Make use of dataset level metadata during BasisOfRecord interpretation

12046
Reporter: trobertson
Type: NewFeature
Summary: Make use of dataset level metadata during BasisOfRecord interpretation
Priority: Major
Status: Open
Created: 2012-10-18 16:15:56.98
Updated: 2016-02-15 13:45:37.83
        
Description: Many occurrence records do not have basis of record set.  Some 20% of the total data are set to UNKNOWN.

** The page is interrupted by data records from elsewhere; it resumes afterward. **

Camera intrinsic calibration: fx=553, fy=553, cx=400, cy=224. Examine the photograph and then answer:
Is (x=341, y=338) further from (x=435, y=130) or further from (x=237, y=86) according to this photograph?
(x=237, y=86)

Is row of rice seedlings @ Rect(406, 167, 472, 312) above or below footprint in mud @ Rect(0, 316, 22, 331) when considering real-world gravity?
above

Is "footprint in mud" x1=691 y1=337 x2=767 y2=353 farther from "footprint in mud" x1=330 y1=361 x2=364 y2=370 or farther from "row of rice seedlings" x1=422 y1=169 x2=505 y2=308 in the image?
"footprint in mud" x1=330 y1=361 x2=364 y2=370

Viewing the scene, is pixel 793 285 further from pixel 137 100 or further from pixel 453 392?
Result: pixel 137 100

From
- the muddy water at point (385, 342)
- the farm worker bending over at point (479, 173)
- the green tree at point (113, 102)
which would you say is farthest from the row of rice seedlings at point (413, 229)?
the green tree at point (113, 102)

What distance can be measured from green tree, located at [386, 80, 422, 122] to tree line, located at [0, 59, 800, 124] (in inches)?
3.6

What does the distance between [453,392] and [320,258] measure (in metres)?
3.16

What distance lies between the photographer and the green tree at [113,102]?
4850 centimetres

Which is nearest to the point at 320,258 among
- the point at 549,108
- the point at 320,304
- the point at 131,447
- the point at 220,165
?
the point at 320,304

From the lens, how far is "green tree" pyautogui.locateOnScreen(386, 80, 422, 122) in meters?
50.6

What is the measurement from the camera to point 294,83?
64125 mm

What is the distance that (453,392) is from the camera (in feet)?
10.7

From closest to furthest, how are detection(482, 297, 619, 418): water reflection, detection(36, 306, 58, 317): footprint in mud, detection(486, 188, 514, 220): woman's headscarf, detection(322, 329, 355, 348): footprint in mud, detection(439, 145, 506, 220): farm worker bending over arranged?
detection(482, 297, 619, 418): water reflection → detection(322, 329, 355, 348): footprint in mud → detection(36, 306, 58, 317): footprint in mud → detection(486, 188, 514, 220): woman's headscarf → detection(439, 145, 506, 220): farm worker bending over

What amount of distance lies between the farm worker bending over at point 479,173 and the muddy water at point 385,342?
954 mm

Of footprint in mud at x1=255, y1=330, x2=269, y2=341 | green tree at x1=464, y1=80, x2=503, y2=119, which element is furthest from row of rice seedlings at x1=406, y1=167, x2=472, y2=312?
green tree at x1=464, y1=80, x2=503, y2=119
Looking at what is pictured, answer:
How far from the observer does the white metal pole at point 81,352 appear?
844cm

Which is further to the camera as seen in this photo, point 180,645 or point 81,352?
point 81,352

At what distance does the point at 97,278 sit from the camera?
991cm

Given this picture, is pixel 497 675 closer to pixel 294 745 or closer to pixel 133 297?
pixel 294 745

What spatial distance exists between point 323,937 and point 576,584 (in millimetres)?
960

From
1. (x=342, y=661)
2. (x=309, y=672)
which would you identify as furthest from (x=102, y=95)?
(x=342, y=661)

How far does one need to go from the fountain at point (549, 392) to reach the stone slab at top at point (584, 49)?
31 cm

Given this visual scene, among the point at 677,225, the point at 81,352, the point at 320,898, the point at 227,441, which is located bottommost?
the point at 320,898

However, some metadata profiles (e.g. EML, DiGIR etc) are able to provide information that asserts this for the entire dataset.  We wish to use that information during interpretation of occurrence records such that if none is given in the occurrence record, it defaults to any given dataset value.  Furthermore, someone may read a description of the dataset, and tag that dataset in the registry.

This will most likely depend on new features for the dataset metadata synchronizer, which would store that as a tag along the lines of
  - namespace: indexing.gbif
  - subject: dwc:basisOfRecord
  - value: [HUMAN_OBSERVATION,LIVING_SPECIMEN etc...]
Which could then be used for the interpretation.

The rules for when a dataset tag could be used, might be something along the lines of:

If the tag was created by the metadata synchronizer, or is in a trusted namespace (e.g. the Andrea / Jan type administrator namespace) and if there is only a single dwc:basisOfRecord value, then use that for any occurrence records that have no BoR set.
]]>
    


Author: mdoering@gbif.org
Created: 2012-10-18 18:49:41.519
Updated: 2012-10-18 18:49:41.519
        
good idea, but the tags predicate should not have a colon as its used to delimit the ns and the predicate.
And if the namespace is alreadz the HIT (which I think makes a lot of sense) we cant use any other trusted namespace. We would rather have to make sure only trusted people have access to modify the HIT namespace.